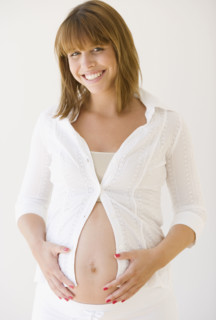 Pregnant woman with hands on belly. Date : 2007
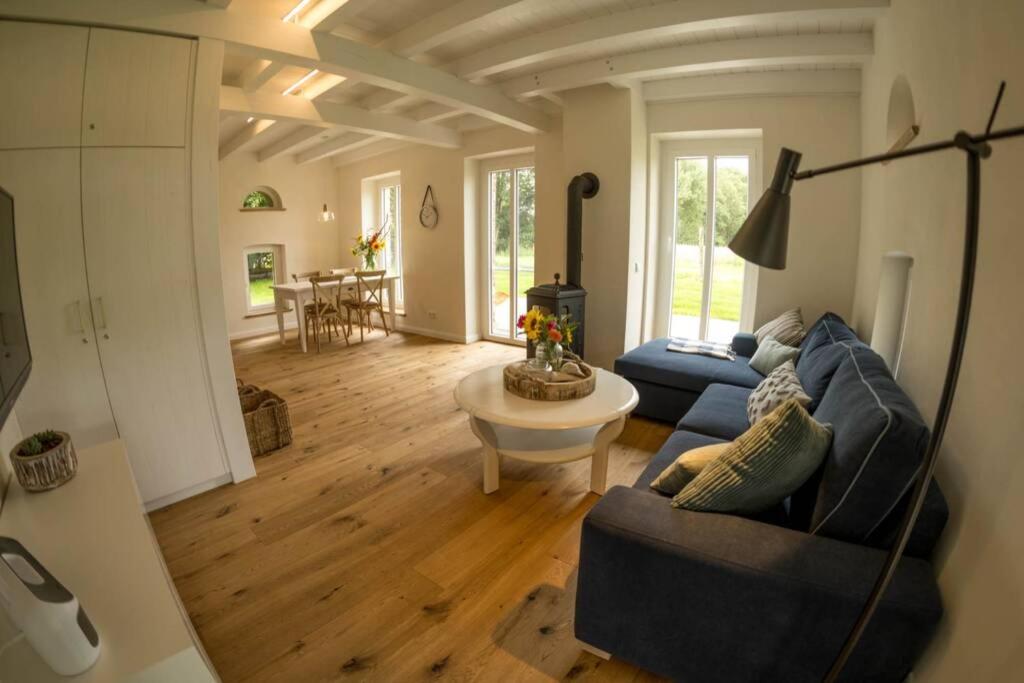 una sala de estar con 2 sofás azules y una mesa. en Zum Heuerling Ferienwohung im alten Stall mit Sauna en Versmold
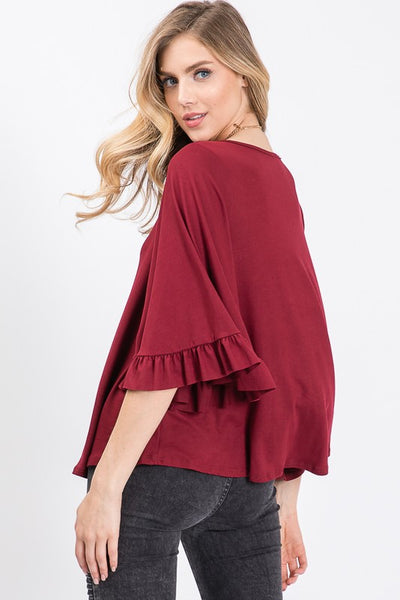 Back view of knit top in burgundy with full 3/4 flutter sleeves with ruffle.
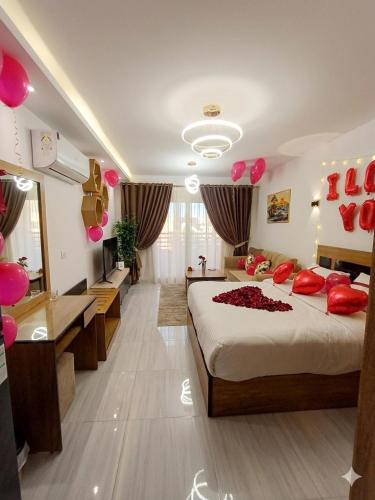 a bedroom with a large bed and a mirror at Luxury Studio Pool & Free Private Beach, Close to Airport in Hurghada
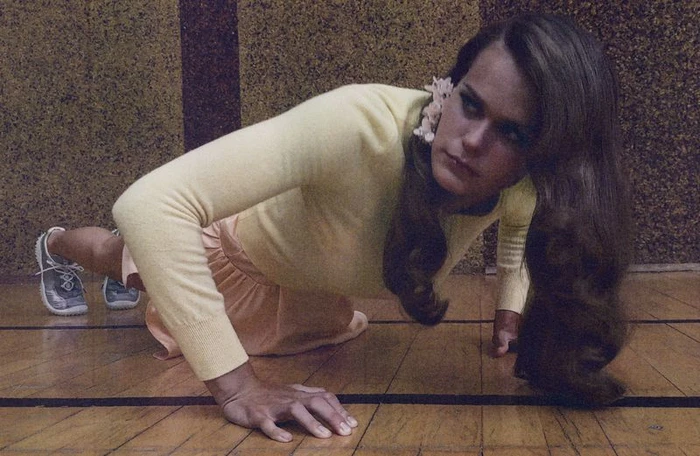 Woman in a yellow long-sleeve top and peach skirt doing push-ups on a wooden gym floor for AnOther Magazine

* What you need to do: Quote, word for word and nothing more, every line from the line with "a bedroom with" to the end of the entries, including both ends; skip any pictures.

* Answer area:
 a bedroom with a large bed and a mirror at Luxury Studio Pool & Free Private Beach, Close to Airport in Hurghada
 Woman in a yellow long-sleeve top and peach skirt doing push-ups on a wooden gym floor for AnOther Magazine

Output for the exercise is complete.